# Task to carry out
Restate exactly, and only, the lines spanning from the one with "export a folder from outlook 2016" to the end of the records below.

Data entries
——————
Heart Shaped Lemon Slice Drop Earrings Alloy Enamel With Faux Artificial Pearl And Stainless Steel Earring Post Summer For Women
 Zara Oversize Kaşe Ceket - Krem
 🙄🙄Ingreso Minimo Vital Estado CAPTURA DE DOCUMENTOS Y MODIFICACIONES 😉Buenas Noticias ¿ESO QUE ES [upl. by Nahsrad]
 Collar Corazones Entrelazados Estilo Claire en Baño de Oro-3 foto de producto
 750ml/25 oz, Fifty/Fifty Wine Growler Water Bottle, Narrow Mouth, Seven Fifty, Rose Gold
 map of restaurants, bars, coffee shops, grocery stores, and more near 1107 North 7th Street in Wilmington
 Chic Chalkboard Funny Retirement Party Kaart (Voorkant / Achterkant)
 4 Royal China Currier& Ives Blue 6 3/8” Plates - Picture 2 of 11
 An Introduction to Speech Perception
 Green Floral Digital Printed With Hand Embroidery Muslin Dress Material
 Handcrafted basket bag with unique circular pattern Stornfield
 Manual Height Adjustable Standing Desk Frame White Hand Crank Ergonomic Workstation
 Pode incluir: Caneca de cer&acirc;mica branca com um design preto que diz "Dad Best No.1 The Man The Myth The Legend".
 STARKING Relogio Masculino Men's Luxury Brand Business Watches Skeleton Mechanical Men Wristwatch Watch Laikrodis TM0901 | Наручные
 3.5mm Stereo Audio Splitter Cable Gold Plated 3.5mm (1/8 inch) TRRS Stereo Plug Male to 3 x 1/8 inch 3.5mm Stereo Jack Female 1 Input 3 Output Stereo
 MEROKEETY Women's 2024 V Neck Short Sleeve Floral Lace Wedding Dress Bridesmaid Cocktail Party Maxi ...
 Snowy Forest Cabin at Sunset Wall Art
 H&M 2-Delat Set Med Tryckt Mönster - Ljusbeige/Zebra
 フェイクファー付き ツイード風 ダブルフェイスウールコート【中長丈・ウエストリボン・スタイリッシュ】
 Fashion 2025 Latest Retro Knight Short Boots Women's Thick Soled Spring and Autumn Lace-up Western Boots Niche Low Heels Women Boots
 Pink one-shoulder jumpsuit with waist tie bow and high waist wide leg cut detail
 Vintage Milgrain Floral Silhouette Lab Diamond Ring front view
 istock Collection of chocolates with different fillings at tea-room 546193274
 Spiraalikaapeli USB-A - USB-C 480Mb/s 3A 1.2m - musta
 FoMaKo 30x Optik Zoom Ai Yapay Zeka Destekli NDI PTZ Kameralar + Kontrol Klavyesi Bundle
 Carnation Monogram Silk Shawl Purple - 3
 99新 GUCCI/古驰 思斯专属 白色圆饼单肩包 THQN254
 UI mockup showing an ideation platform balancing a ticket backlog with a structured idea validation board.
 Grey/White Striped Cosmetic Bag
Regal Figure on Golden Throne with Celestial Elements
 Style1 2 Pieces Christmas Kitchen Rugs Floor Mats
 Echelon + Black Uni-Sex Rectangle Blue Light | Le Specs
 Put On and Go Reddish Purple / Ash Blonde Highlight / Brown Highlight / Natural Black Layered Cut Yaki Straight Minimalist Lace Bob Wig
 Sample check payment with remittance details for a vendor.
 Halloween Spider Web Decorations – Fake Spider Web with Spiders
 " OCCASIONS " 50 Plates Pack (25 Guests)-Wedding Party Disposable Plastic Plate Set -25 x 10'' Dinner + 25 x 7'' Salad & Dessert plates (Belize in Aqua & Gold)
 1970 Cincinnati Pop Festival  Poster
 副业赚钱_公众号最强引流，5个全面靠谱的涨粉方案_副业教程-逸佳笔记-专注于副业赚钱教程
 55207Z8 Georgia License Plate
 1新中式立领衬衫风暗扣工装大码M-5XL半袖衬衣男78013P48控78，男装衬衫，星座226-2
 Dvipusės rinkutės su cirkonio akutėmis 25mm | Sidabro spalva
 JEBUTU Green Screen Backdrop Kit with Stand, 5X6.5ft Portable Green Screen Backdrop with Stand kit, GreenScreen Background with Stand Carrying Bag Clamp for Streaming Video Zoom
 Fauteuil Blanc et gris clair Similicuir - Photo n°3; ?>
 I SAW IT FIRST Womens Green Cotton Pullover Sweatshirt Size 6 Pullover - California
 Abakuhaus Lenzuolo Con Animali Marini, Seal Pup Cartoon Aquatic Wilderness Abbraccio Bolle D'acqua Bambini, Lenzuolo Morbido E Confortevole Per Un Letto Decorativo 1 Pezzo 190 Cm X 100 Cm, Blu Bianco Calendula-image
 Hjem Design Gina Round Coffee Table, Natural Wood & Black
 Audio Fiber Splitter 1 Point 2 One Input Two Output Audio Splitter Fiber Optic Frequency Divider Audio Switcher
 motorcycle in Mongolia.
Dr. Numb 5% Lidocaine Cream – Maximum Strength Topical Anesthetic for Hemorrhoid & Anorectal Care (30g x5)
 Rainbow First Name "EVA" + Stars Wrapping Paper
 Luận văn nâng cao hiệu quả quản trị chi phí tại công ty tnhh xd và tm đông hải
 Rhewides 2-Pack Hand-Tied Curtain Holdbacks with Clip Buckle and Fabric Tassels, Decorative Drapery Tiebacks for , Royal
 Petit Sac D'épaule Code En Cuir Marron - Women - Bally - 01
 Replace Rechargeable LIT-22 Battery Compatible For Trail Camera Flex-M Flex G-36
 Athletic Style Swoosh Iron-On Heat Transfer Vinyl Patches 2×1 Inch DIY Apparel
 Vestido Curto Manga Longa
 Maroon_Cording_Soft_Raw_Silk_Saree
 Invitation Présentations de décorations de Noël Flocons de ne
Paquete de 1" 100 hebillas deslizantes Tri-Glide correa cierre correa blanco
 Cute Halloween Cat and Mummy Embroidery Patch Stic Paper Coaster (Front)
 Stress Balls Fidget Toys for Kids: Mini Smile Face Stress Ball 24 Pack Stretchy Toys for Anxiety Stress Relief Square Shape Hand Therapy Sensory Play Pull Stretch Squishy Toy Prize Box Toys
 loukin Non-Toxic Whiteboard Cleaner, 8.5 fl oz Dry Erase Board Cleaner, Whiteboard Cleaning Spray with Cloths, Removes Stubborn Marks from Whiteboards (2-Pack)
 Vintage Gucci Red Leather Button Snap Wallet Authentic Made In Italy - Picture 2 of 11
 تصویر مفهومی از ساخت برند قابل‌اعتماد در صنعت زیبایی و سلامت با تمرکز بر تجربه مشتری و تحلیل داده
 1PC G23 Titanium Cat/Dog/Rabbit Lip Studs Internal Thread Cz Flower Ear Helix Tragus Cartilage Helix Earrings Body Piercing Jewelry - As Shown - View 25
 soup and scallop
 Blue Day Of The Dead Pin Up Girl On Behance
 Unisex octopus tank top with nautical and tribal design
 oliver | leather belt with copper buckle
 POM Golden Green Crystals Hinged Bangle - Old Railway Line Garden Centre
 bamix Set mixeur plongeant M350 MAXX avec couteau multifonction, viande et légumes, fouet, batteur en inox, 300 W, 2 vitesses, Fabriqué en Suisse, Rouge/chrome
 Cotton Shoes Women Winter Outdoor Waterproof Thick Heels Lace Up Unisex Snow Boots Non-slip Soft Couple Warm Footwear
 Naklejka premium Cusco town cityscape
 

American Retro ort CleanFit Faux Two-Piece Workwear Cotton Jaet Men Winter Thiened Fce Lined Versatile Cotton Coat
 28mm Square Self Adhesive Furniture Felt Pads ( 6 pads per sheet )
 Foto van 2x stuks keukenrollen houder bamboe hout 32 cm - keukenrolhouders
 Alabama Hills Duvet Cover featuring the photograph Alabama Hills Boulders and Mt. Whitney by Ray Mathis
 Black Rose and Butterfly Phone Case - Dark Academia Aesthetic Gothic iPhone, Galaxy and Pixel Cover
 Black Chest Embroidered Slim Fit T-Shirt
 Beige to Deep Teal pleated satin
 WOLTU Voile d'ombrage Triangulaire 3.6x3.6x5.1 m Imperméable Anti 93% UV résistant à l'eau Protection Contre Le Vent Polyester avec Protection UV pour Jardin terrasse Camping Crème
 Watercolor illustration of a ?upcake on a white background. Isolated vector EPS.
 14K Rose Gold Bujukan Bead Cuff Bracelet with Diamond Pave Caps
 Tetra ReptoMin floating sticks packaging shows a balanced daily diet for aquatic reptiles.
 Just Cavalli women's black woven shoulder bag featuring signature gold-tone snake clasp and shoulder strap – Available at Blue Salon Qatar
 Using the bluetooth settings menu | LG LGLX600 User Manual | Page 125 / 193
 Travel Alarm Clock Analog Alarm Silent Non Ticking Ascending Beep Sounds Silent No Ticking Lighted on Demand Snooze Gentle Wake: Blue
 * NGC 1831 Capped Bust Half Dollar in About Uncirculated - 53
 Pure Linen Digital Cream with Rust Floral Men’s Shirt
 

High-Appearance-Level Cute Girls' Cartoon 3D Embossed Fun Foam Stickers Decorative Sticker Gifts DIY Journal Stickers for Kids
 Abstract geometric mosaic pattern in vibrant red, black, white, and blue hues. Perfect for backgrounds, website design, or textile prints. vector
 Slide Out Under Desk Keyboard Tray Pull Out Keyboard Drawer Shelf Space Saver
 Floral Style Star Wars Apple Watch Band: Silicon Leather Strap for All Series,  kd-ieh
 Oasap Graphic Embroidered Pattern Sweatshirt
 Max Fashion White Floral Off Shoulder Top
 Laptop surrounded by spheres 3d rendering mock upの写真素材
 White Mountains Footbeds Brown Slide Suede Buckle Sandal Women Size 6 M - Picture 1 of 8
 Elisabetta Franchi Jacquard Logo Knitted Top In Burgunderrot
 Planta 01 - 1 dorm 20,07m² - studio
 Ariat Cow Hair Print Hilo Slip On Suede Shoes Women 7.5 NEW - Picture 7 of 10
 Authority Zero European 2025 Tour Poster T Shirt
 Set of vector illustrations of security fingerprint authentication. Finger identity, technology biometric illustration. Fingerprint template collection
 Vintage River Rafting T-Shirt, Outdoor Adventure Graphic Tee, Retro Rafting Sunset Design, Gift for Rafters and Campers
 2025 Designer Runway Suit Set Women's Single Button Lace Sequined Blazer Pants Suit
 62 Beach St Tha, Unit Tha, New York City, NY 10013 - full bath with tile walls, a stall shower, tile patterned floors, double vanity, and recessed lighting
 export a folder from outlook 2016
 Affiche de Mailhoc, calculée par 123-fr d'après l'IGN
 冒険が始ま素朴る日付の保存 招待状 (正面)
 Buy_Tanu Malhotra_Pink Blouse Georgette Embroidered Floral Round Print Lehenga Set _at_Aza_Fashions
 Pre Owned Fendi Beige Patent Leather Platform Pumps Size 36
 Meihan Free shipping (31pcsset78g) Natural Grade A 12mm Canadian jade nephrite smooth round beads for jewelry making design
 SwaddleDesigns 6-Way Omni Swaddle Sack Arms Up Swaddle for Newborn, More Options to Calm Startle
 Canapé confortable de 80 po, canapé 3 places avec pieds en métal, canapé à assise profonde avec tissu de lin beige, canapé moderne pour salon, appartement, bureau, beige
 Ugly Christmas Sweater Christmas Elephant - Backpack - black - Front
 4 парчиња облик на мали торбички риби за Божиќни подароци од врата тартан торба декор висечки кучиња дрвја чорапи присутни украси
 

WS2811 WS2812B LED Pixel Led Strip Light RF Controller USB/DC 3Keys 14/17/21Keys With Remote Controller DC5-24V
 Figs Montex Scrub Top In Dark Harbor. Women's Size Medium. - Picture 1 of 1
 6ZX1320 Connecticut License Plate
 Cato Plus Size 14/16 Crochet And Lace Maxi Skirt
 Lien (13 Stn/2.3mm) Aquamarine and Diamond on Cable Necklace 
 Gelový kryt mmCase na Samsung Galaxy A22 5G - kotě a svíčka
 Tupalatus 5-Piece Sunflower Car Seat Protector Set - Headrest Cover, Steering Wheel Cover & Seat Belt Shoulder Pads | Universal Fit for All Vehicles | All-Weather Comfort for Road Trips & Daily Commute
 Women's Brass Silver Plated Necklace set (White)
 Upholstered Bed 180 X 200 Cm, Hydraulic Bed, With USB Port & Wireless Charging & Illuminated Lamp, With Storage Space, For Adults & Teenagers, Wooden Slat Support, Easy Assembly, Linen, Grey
——————
# Answer section
 export a folder from outlook 2016
 Affiche de Mailhoc, calculée par 123-fr d'après l'IGN
 冒険が始ま素朴る日付の保存 招待状 (正面)
 Buy_Tanu Malhotra_Pink Blouse Georgette Embroidered Floral Round Print Lehenga Set _at_Aza_Fashions
 Pre Owned Fendi Beige Patent Leather Platform Pumps Size 36
 Meihan Free shipping (31pcsset78g) Natural Grade A 12mm Canadian jade nephrite smooth round beads for jewelry making design
 SwaddleDesigns 6-Way Omni Swaddle Sack Arms Up Swaddle for Newborn, More Options to Calm Startle
 Canapé confortable de 80 po, canapé 3 places avec pieds en métal, canapé à assise profonde avec tissu de lin beige, canapé moderne pour salon, appartement, bureau, beige
 Ugly Christmas Sweater Christmas Elephant - Backpack - black - Front
 4 парчиња облик на мали торбички риби за Божиќни подароци од врата тартан торба декор висечки кучиња дрвја чорапи присутни украси
 

WS2811 WS2812B LED Pixel Led Strip Light RF Controller USB/DC 3Keys 14/17/21Keys With Remote Controller DC5-24V
 Figs Montex Scrub Top In Dark Harbor. Women's Size Medium. - Picture 1 of 1
 6ZX1320 Connecticut License Plate
 Cato Plus Size 14/16 Crochet And Lace Maxi Skirt
 Lien (13 Stn/2.3mm) Aquamarine and Diamond on Cable Necklace 
 Gelový kryt mmCase na Samsung Galaxy A22 5G - kotě a svíčka
 Tupalatus 5-Piece Sunflower Car Seat Protector Set - Headrest Cover, Steering Wheel Cover & Seat Belt Shoulder Pads | Universal Fit for All Vehicles | All-Weather Comfort for Road Trips & Daily Commute
 Women's Brass Silver Plated Necklace set (White)
 Upholstered Bed 180 X 200 Cm, Hydraulic Bed, With USB Port & Wireless Charging & Illuminated Lamp, With Storage Space, For Adults & Teenagers, Wooden Slat Support, Easy Assembly, Linen, Grey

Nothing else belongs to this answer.